• Task brief
Please restate word for word the lines of the entries below from the one with "in Lavender-Seduce Mart" to the one with "2004 Toyota Corolla CE", inclusive, and leave out every picture.

- - -

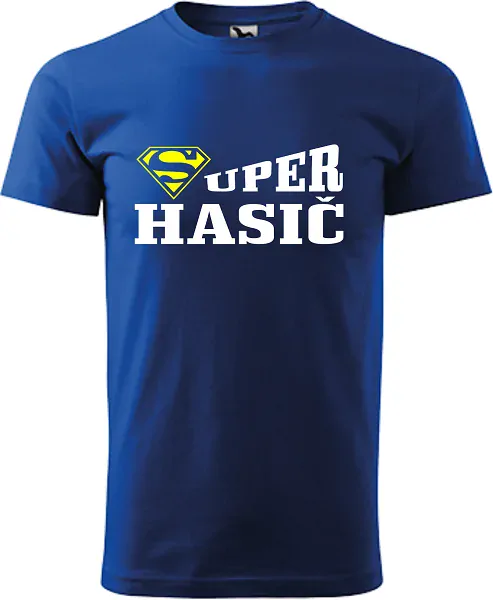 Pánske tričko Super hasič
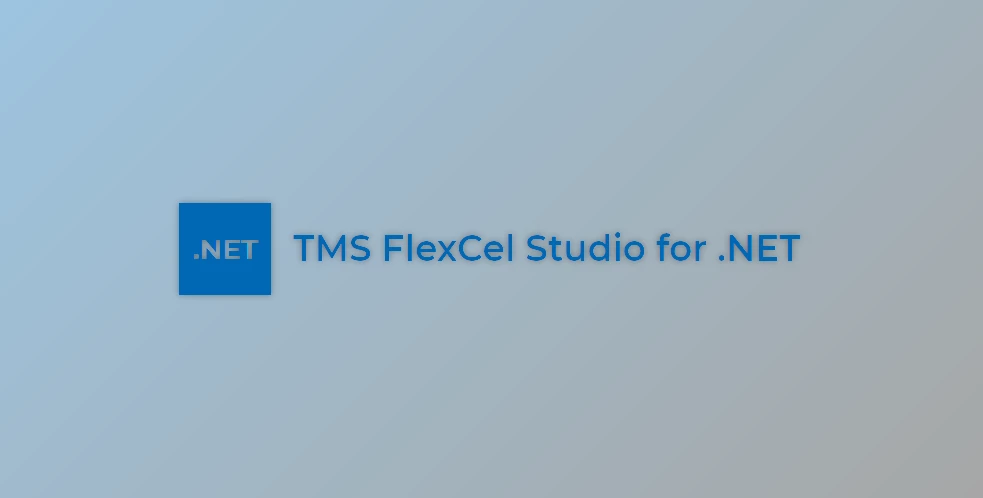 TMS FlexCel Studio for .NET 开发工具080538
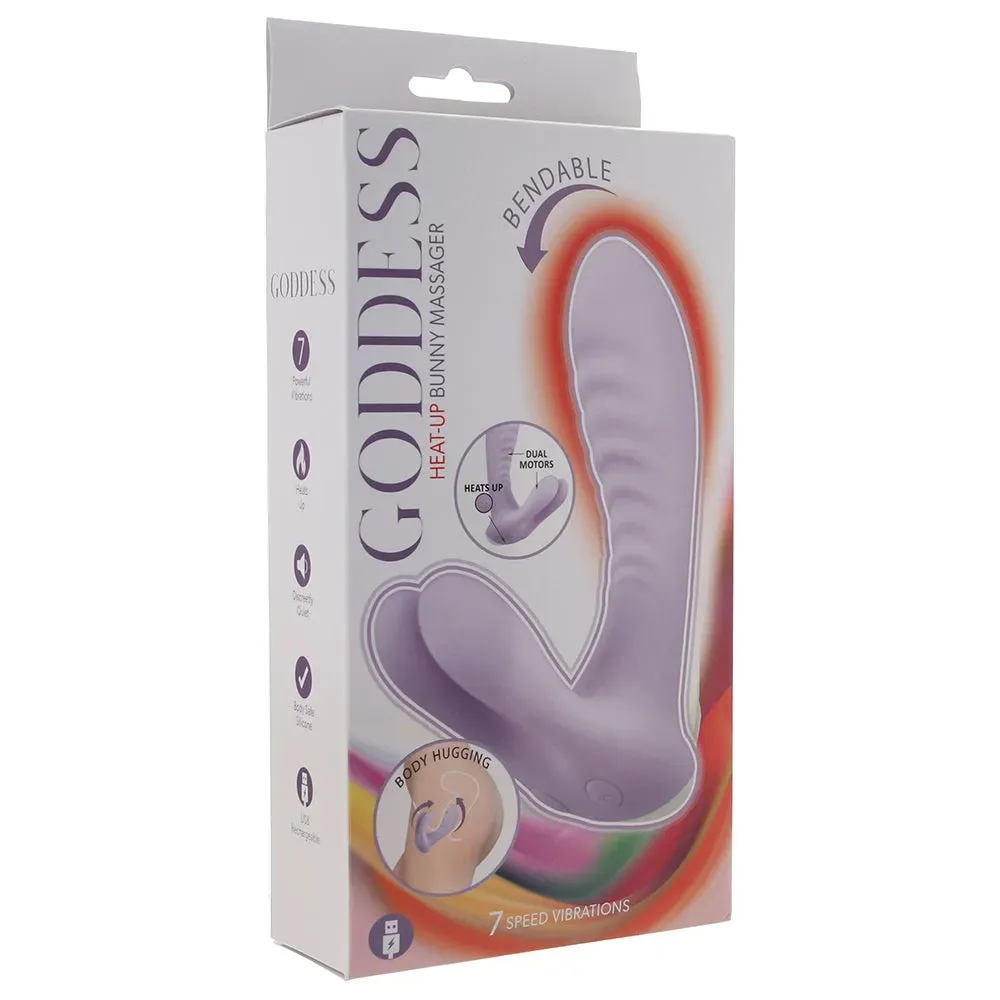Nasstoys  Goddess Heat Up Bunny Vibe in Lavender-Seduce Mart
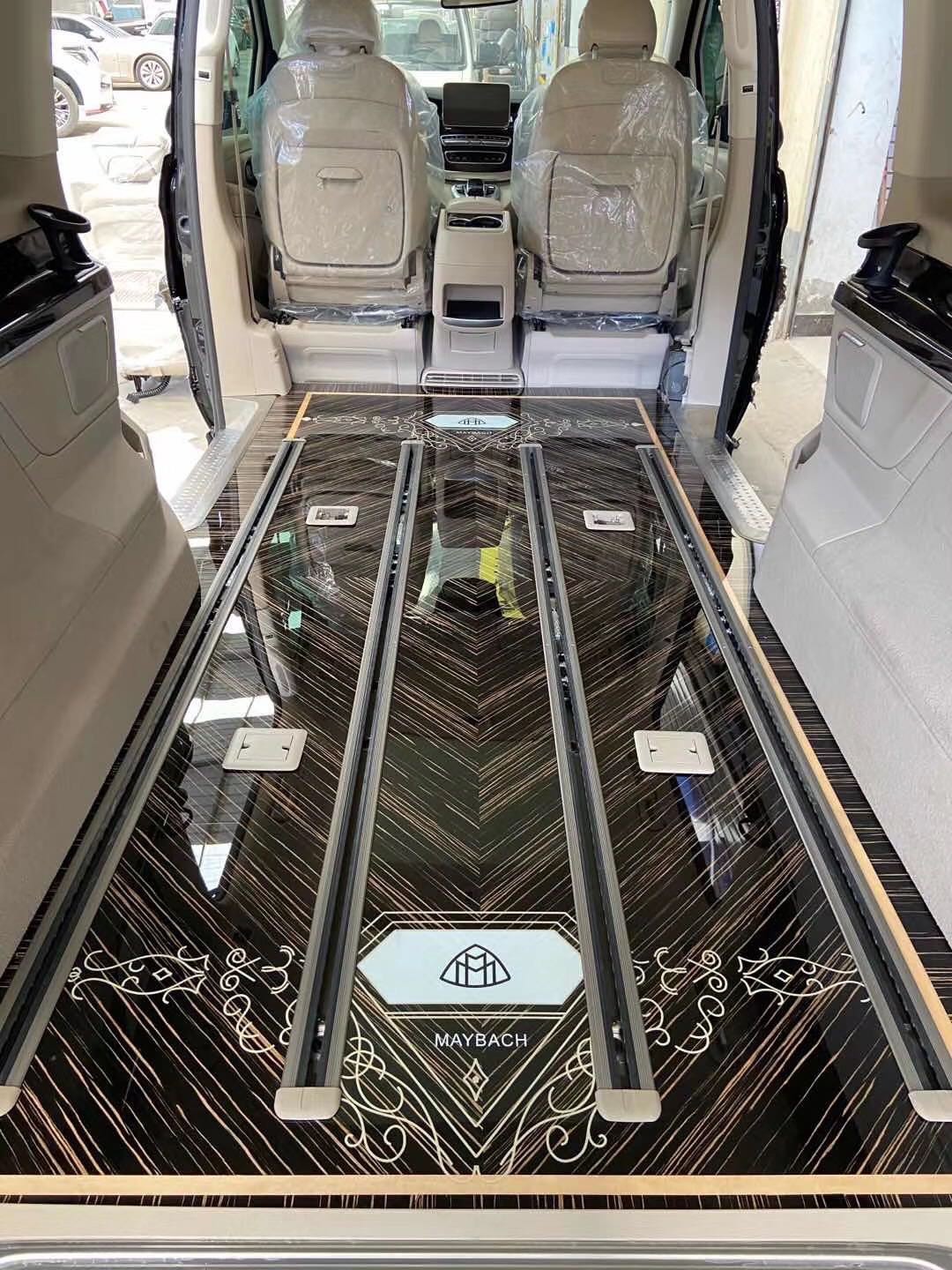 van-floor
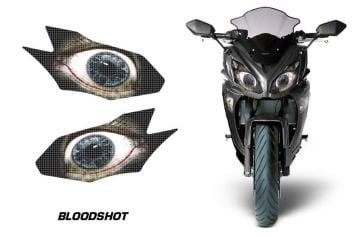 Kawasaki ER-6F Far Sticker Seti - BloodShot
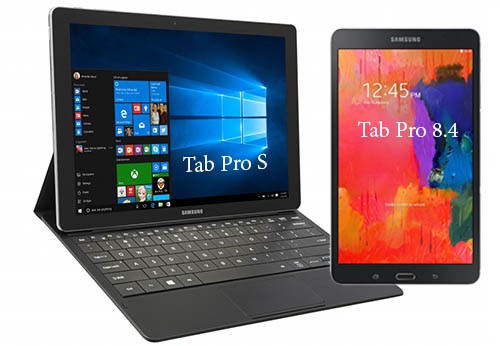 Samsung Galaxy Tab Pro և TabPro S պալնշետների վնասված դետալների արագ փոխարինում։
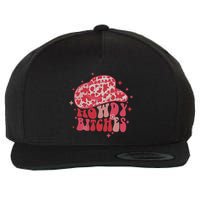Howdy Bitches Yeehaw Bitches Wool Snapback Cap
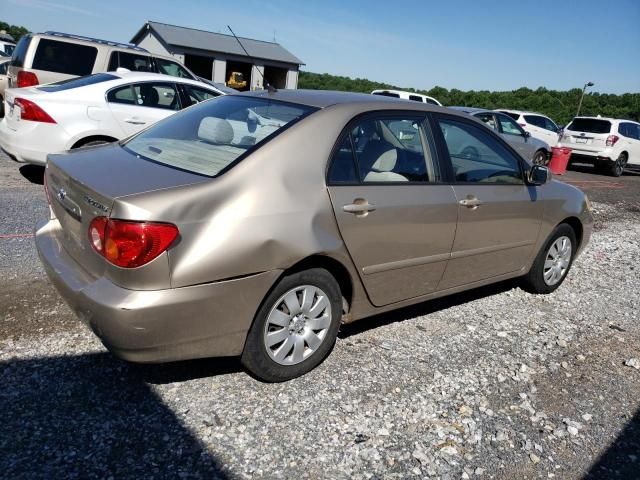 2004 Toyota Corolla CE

- - -

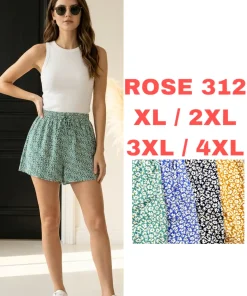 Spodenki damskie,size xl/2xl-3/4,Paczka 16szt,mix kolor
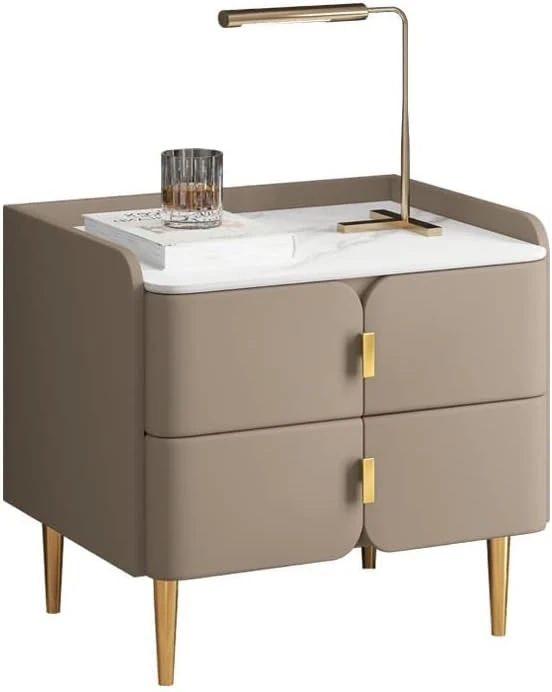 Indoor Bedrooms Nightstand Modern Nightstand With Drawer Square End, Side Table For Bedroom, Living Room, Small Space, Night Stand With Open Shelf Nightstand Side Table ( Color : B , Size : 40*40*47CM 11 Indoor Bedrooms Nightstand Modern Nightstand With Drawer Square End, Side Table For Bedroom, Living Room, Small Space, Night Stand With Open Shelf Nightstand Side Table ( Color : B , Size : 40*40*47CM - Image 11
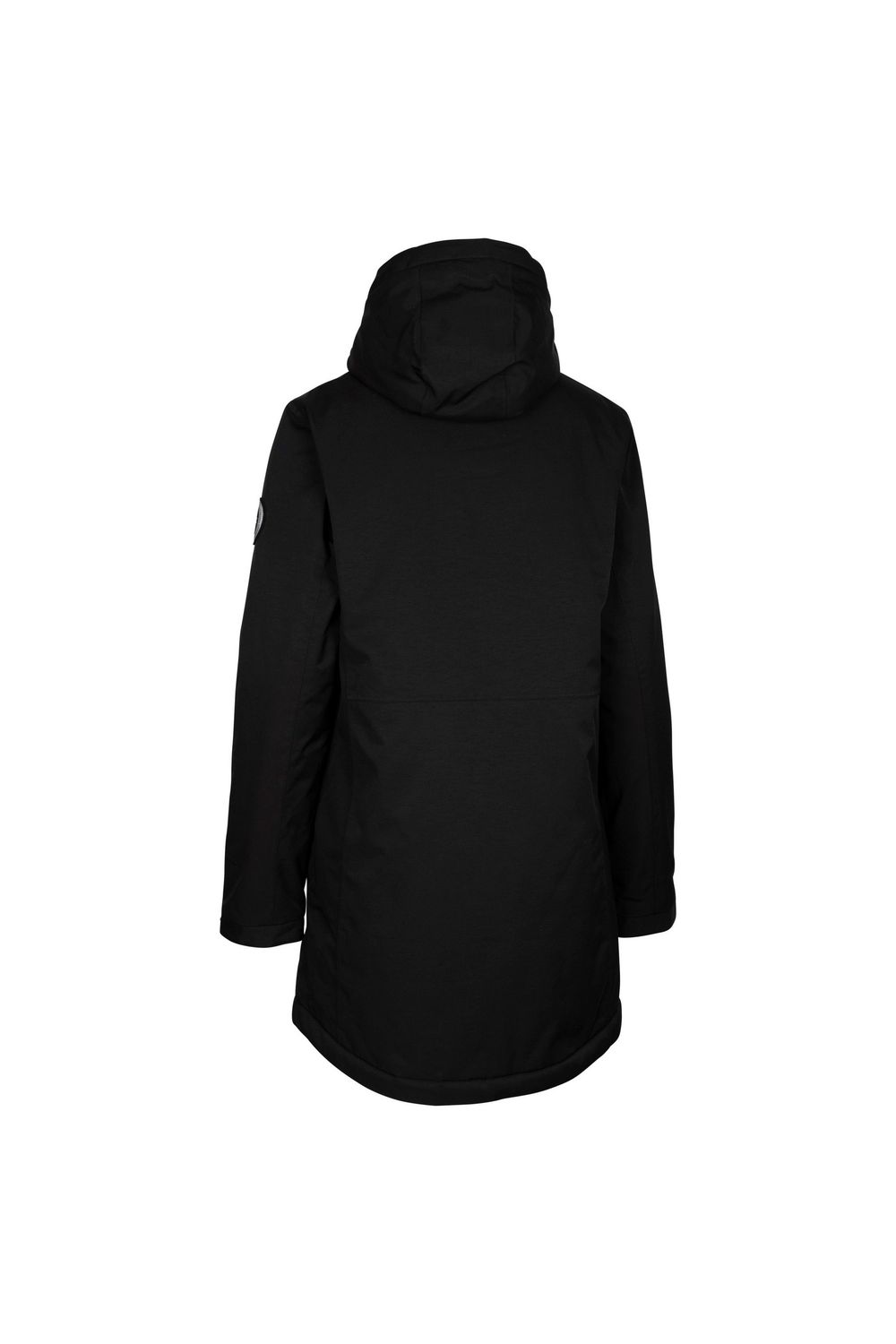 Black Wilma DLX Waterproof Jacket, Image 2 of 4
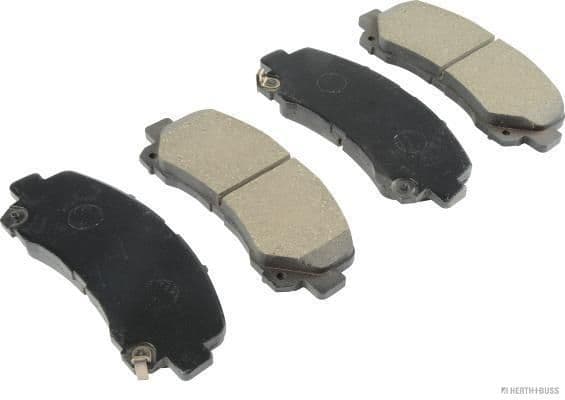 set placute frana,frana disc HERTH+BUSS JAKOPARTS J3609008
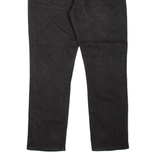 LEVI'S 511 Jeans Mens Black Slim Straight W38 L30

- - -

• Problem solution
Nasstoys  Goddess Heat Up Bunny Vibe in Lavender-Seduce Mart
 van-floor
 Kawasaki ER-6F Far Sticker Seti - BloodShot
 Samsung Galaxy Tab Pro և TabPro S պալնշետների վնասված դետալների արագ փոխարինում։
Howdy Bitches Yeehaw Bitches Wool Snapback Cap
 2004 Toyota Corolla CE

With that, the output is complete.